Lila gamely dropped her disgusting trophy and proceeded to inspect the freshly vacated stroller for stray snack foods. The Grape crouched by the discarded tennis ball, examined it as if it were roadkill, looked up at me triumphantly and repeated, "This is very, very yucky."
The Grape has had lots of opinions since he graduated from the blob stage of infancy and became a more highly interactive being. This is unsurprising. He is, after all, my kid. Lately, though, he's gotten much more adept at articulating those opinions. And at lording it over the dog. One thing the Grape has decided for certain is that he wants to rank as high up in our little family pack as possible. He's not giving that corpulent canine an inch (not that she's asked for anything - she's too laid back to notice their nascent sibling rivalry).
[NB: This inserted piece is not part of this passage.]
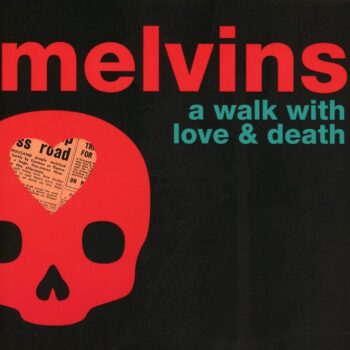 Melvins - A Walk With Love & Death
Some of his opinions make me laugh. He feels strongly about wardrobe choices. On more than one occasion, he's told me, "No, no, no shorts, Mamma. Dress! Pretty!" And yes, weenie that I am, I put on a sundress per my son's request.
He likes to draw attention to recent additions to his own sartorial repertoire as well: "New pants!" he will tell every stranger we pass on the sidewalk.
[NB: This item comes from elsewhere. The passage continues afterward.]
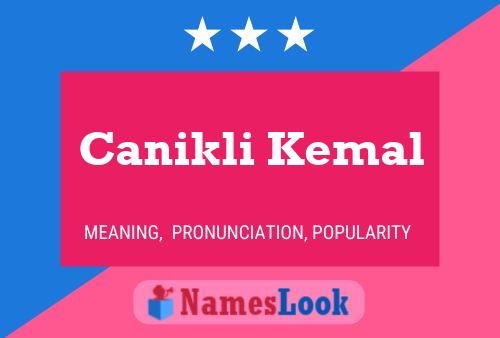 Póster del nombre Canikli Kemal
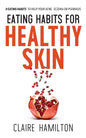 Eating Habits for Healthy Skin: 9 eating habits to help your acne, eczema or psoriasis - Paperback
Last weekend, we moved the car seat to R.'s car at the Grape's insistence. The Grape prefers R.'s vehicle to my more staid sedan. Why? Because it's red. (Duh.) If the Grape could roll his eyes at that line of questioning, he would.
And I wrote last week about how we were the very first people on the beach every single day of our long weekend in Bermuda. Honestly, I don't mind these kinds of opinions. I love his childish enthusiasm, and I'm smart enough to know that he'll morph into a jaded teenager before I'm ready.
For now though, the problem arises when he wants to outrank me. The Grape has evidently not received the memo, that as far as he's concerned, Mamma is right up there with God (or whatever higher power you espouse). A minimum of five times a day, we argue over whether he must get in the stroller. Lots of times, I let him self-locomote. I get that he likes to move, and I agree it's good for him. But if we're heading out with the dog, or if we need to be somewhere asap, he needs to get his little butt in the blasted buggy. Why? Because I've learned from experience that I cannot mind an off-leash dog and an off-leash almost-two-year-old, in an unfenced city park with traffic on two sides. At least not without losing my mind.
"WALK! WALK!" he squawks, like some kind of deranged parrot. As I use my significant weight advantage and both knees to wrangle his writhing, shrieking, thrashing little personage into the stroller, I wonder if my neighbors will call social services.
He also would like to have the doors to our patio removed. Which would be fine, if not for the helicopter sized mosquitoes that rush any breach in home security; our escape artist cat Lucy (who possesses an explorer's thirst for the big city but the survival instincts of a toadstool); or the fact that I am not interested in paying to air condition the great outdoors. So we argue about egress every day, several times a day. At least once or twice every afternoon, we endure massive tantrums wherein the Grape yells, "OPEN! OPEN!"over and over again. It matters not which side of the door he's on. It's not that he wants to go indoors or out; he just wants the option available at all times.
A quick glance at the clock tells me it's already three-thirty. Any moment now, he'll roll awake in his crib and pronounce this nap "very, very yucky."
And even though my to-do-while-he-sleeps list remains long, his pronouncement on the palatability of his afternoon snooze will make me smile.